England’s batting woes come home to Root in West Indies

North Sound (Agenices): England’s lack of top-order runs finally caught up with them during a spectacular series loss in the West Indies.

A colossal 381-run defeat in the first Test in Barbados was followed by Saturday’s 10-wicket thumping in Antigua where, in a reversal of cricket stereotypes, the West Indies grafted hard for their runs while England produced yet another ‘calypso collapso’ display.

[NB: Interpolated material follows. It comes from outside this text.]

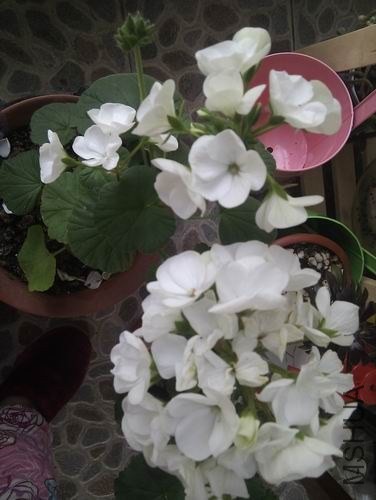������С IMG_20130424_064318.jpg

No one better exemplified the difference than West Indies batsman Darren Bravo, whose 331-minute fifty, spanning 215 balls on a lively Antigua pitch, was the third slowest Test half-century in terms of time. By contrast, England’s second-innings 132 lasted only 38 more balls more than it took Bravo to get to fifty. Prior to arriving in the Caribbean, the all-rounders in England’s XI repeatedly bailed them out of top-order collapses in a home series win over India before they won away to a weak Sri Lanka.

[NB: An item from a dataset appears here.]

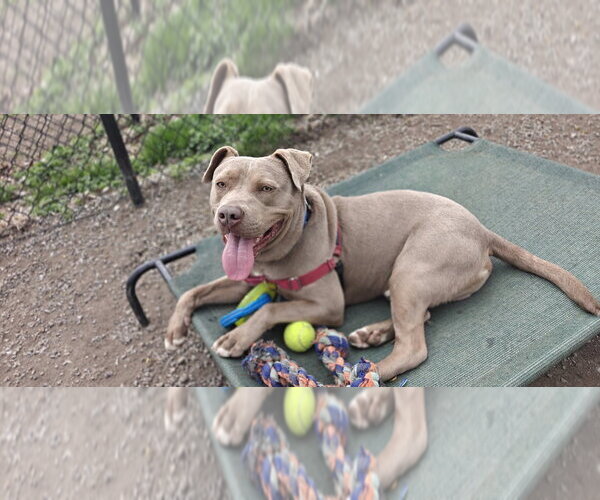 Medium Photo #19 Mutt Puppy For Sale in Elmsford, NY, USA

Yet only once in seven home Tests in 2018 season did England reach the benchmark total of 400 and not once in Sri Lanka did they make 350. As for the ongoing series in the Caribbean, with next week’s third and final Test in St Lucia to come, England’s meagre scores of 77, 246, 187 and 132 have left their bowlers with an all-but impossible task.

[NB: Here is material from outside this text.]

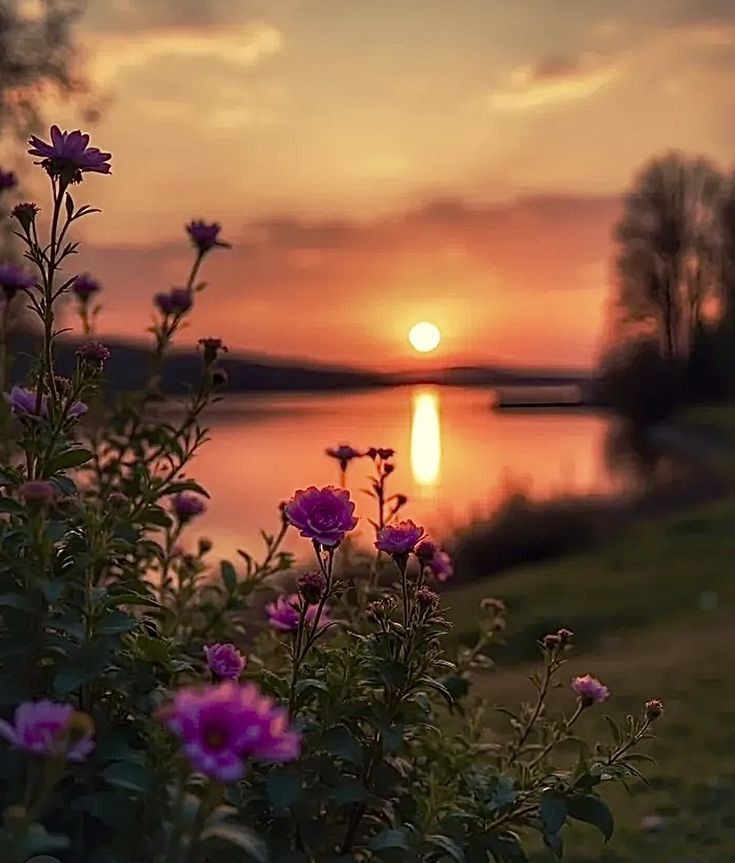 Xenia (@mubeen477) on Twitter photo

Too often the England top-order’s response to challenging bowling has been to try to hit their way out of trouble in the manner that has made them one of the favourites for this year’s 50-over World Cup on home soil. England captain Joe Root, speaking after losing in Antigua with more than two days to spare, admitted: “Scoring under 200 in both innings isn’t going to win you many games of cricket.”

Yet for all Root grew up in Yorkshire, where cussed defensive skills made a local hero out of England opening great Geoffrey Boycott, he refused to read the riot act to his batsmen — in public anyway. “I think we have got to be better at what we do, or maybe do things slightly differently. The choice comes down to the individual,” he said. Root is the only member of England’s top six with a Test batting average over 40.

– ‘Fundamental problem’ –

By contrast the decision of Alastair Cook, their all-time leading Test run-scorer, to retire from international duty at the end of the 2018 season was the latest example in recent years of a batsman averaging over 40 departing the England scene. “The skill of Test match batting is adapting your game plan to suit the pitch,” wrote Cook in his Sunday Times column.

“Batting for time, making the opposition bowlers come to them — that was surely the way to go last night,” the former England captain added.